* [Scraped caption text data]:

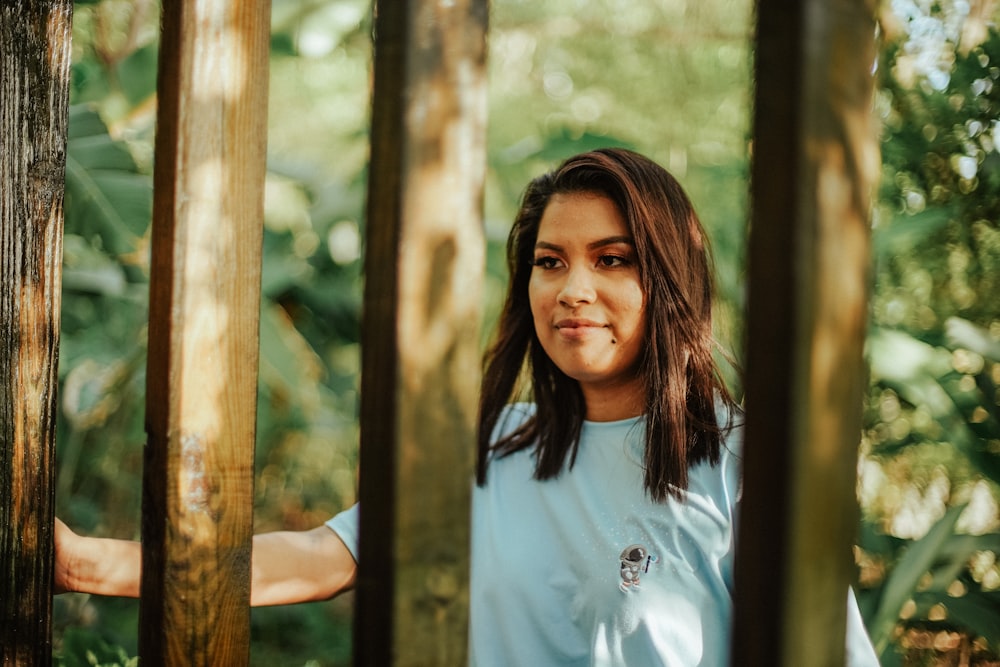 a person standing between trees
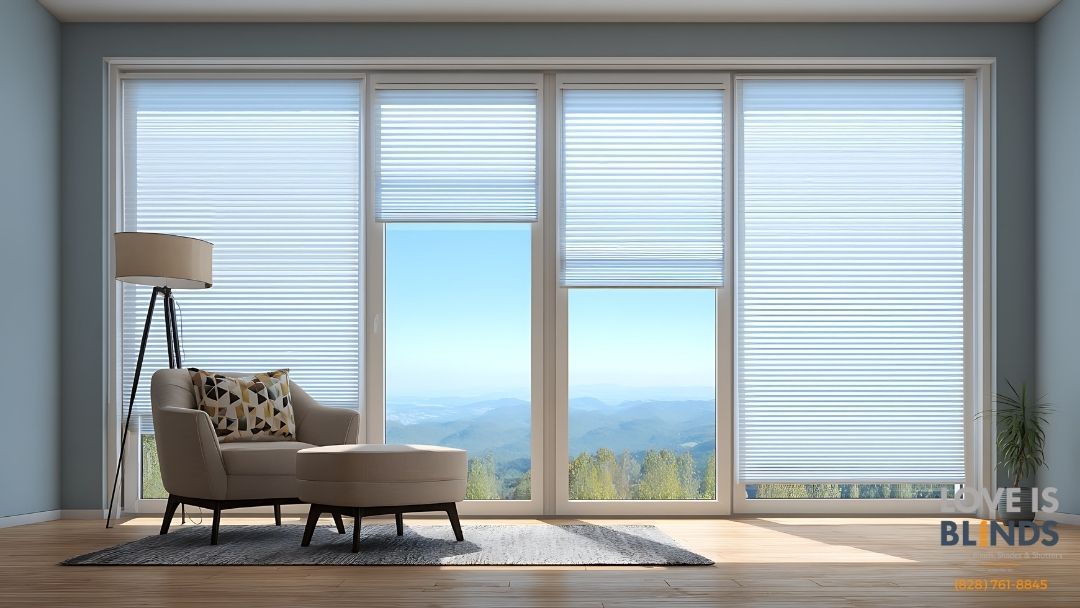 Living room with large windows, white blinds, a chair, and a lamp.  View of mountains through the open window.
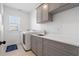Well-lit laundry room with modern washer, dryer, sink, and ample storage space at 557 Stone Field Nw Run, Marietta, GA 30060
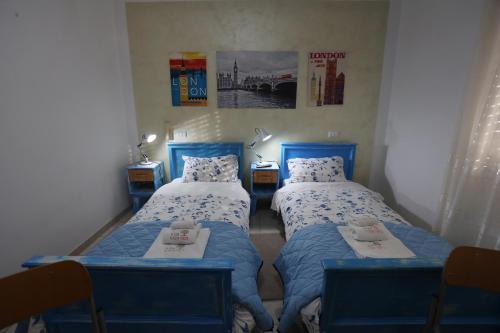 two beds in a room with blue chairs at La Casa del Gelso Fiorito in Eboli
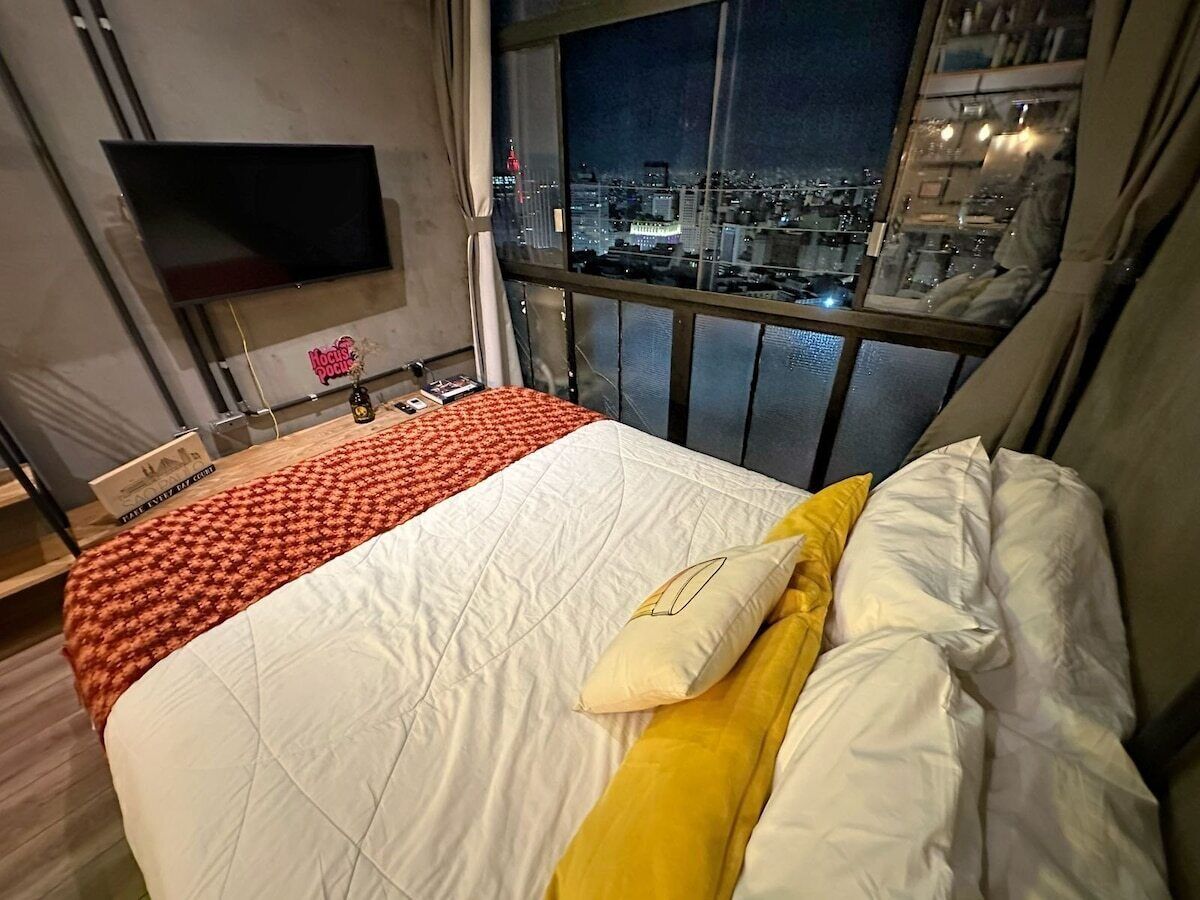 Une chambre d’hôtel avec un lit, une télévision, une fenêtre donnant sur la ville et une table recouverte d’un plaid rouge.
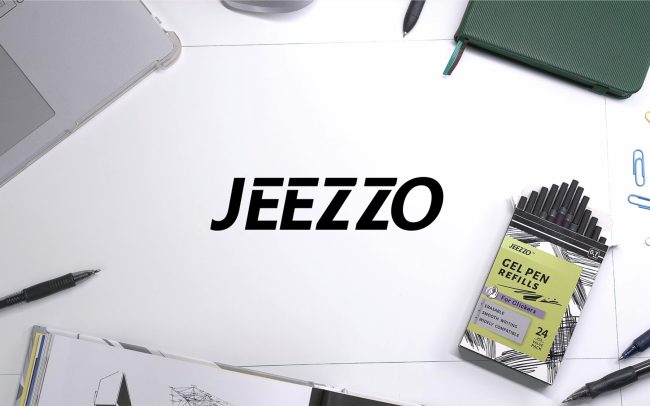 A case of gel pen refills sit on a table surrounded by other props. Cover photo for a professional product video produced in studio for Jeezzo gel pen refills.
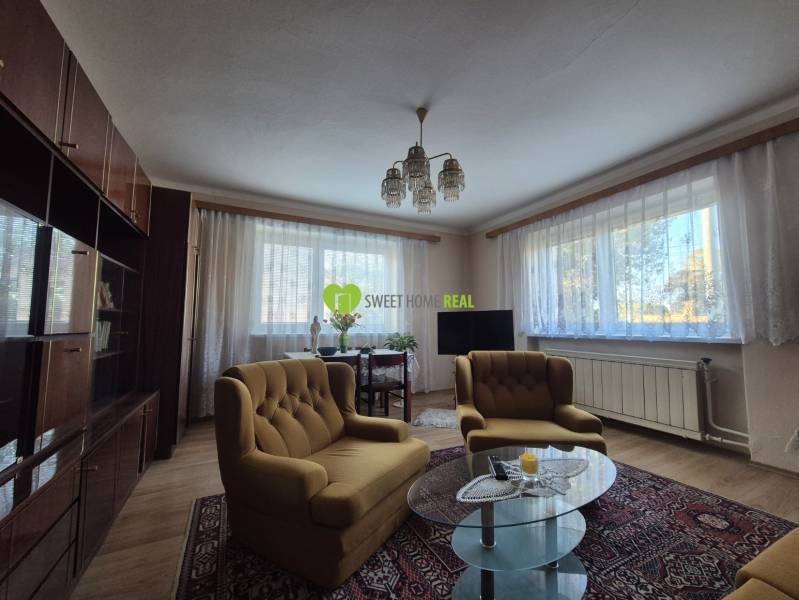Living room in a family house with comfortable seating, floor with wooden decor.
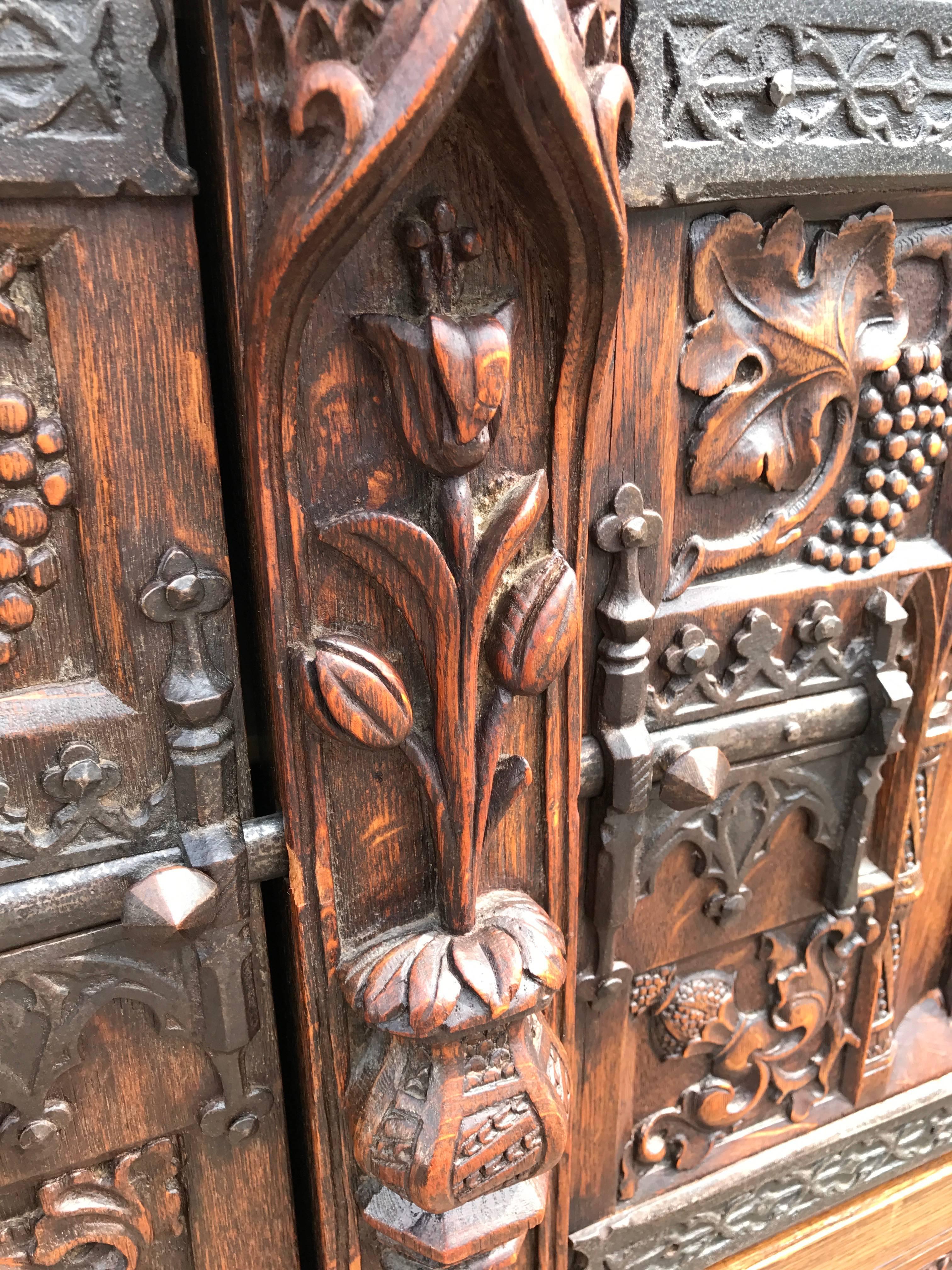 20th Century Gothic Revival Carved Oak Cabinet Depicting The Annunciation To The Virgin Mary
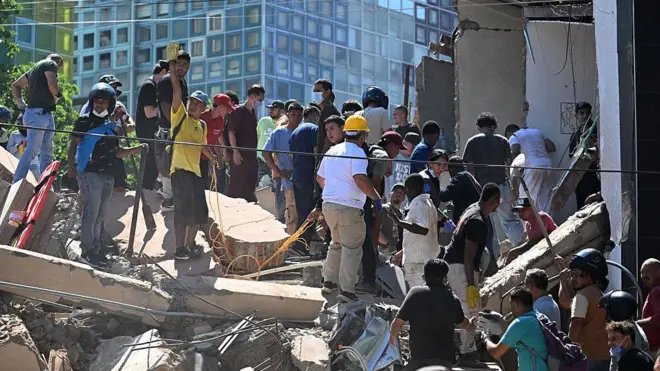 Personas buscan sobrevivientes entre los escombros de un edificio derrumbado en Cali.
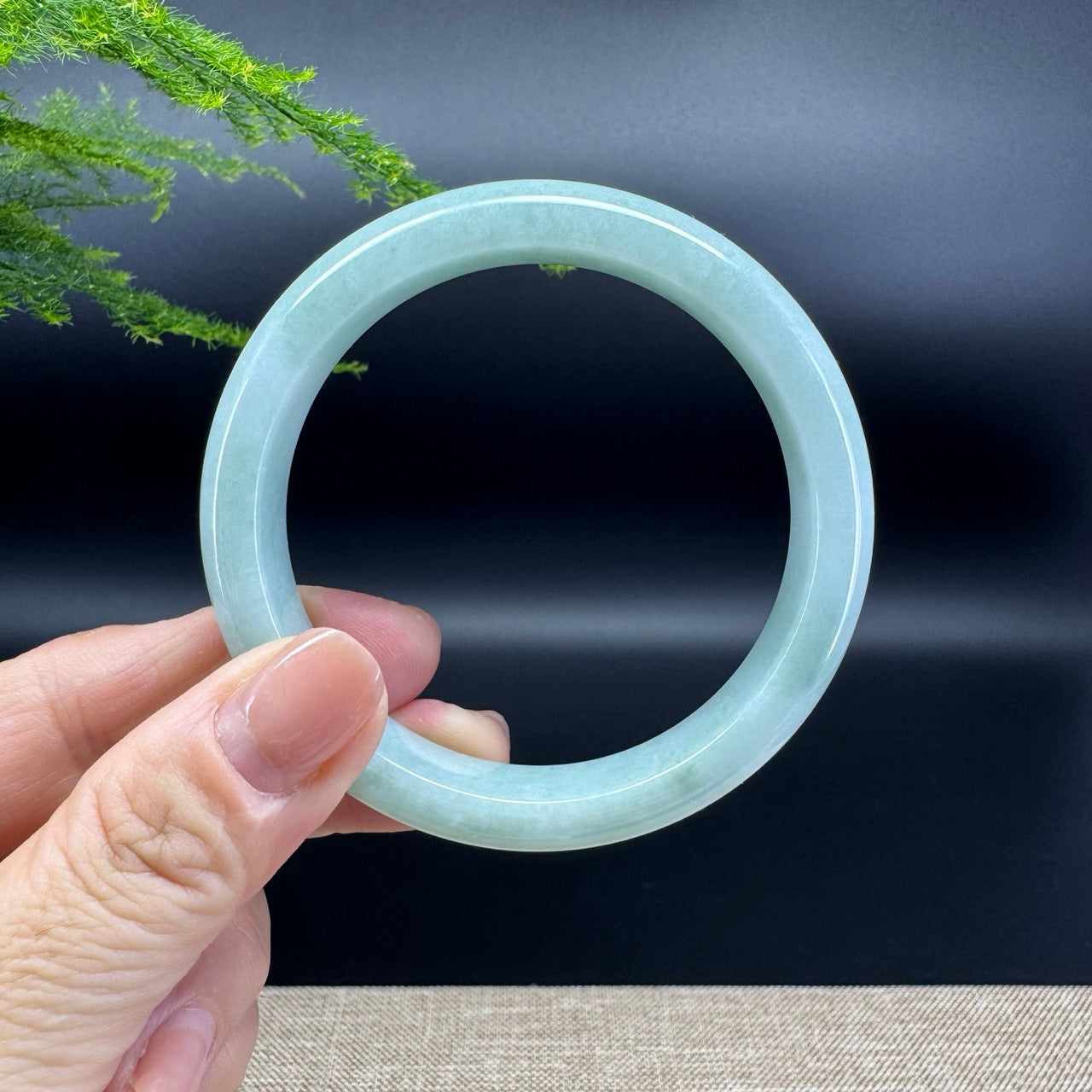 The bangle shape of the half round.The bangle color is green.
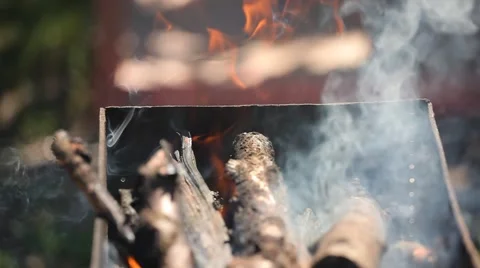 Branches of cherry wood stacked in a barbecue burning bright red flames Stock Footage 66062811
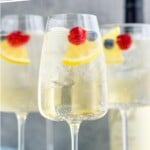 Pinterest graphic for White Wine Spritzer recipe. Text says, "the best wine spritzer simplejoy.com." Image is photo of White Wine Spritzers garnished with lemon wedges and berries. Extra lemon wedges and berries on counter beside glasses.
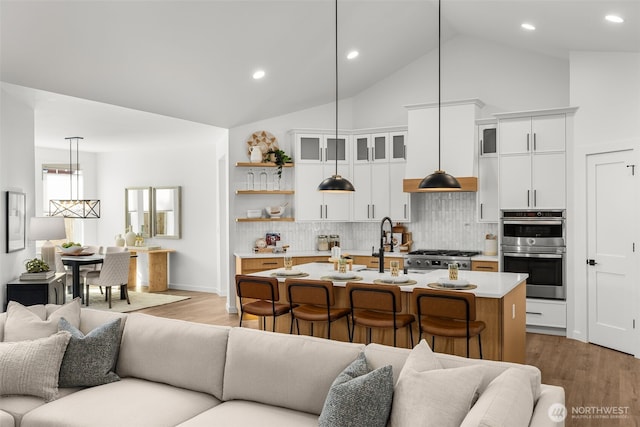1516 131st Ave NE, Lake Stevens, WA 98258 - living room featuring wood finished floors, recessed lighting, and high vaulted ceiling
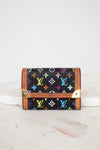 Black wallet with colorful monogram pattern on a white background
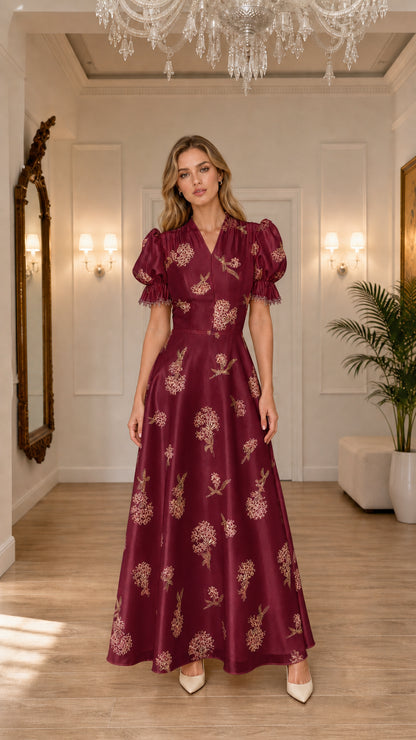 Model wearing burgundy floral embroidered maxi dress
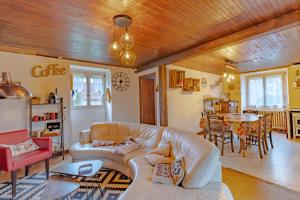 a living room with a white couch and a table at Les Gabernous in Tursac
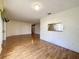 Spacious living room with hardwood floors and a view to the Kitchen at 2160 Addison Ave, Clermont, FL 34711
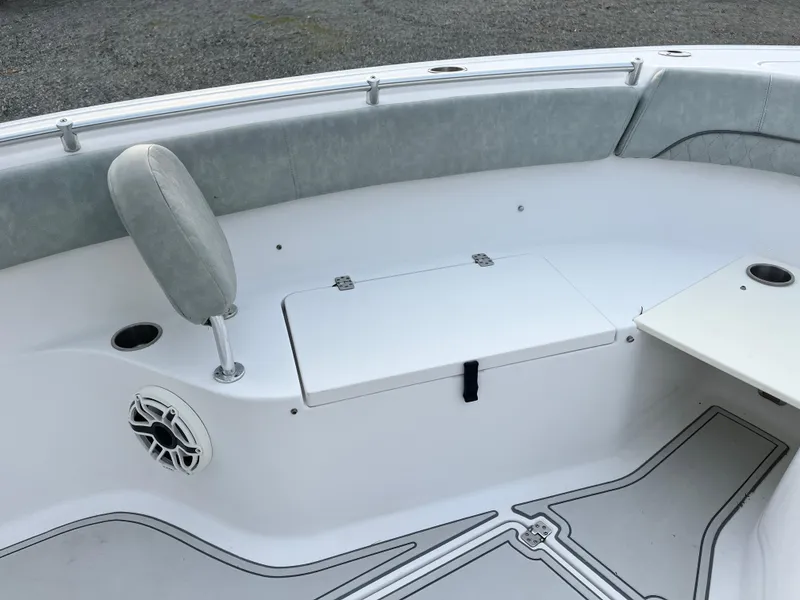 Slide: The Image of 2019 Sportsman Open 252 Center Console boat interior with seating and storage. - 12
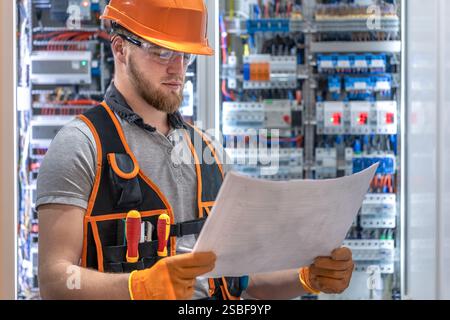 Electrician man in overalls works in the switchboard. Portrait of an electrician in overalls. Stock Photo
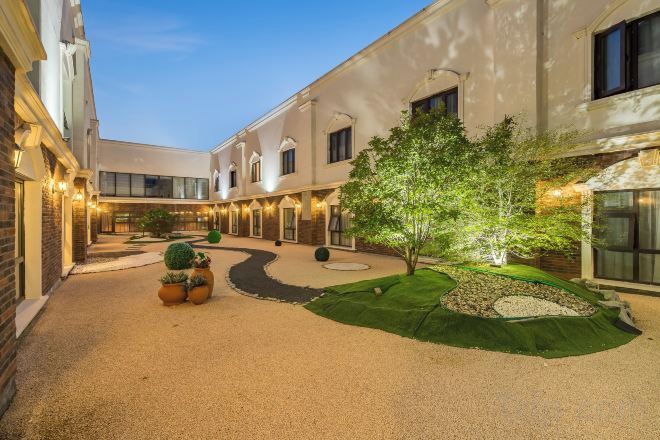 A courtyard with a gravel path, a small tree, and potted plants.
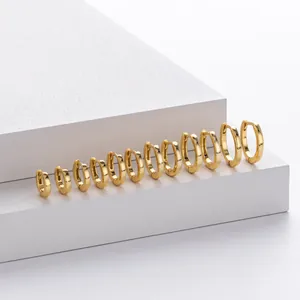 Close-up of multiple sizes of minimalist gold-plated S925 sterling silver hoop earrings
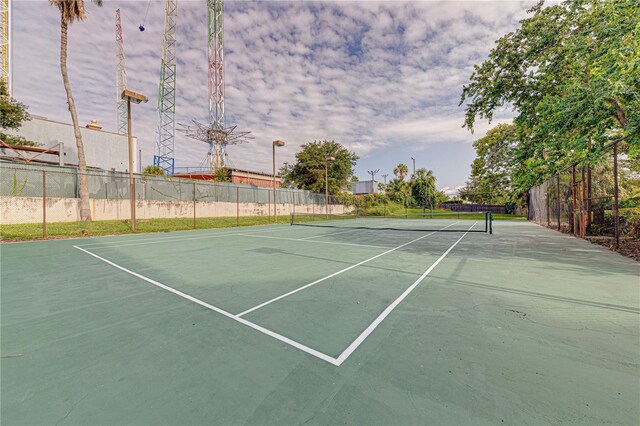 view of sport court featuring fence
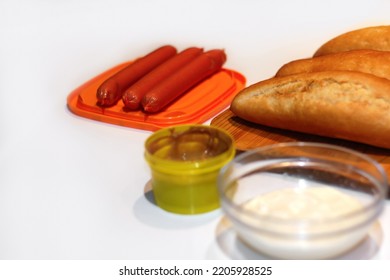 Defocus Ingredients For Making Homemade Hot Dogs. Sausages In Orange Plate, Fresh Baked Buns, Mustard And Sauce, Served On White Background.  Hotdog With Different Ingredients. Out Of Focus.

* [Try it]:
Copy the lines of the records, beginning where the line containing "Electrician man in" appears and continuing through the final line, exactly and with no pictures.

* [Solved exercise]:
 Electrician man in overalls works in the switchboard. Portrait of an electrician in overalls. Stock Photo
 A courtyard with a gravel path, a small tree, and potted plants.
 Close-up of multiple sizes of minimalist gold-plated S925 sterling silver hoop earrings
 view of sport court featuring fence
 Defocus Ingredients For Making Homemade Hot Dogs. Sausages In Orange Plate, Fresh Baked Buns, Mustard And Sauce, Served On White Background.  Hotdog With Different Ingredients. Out Of Focus.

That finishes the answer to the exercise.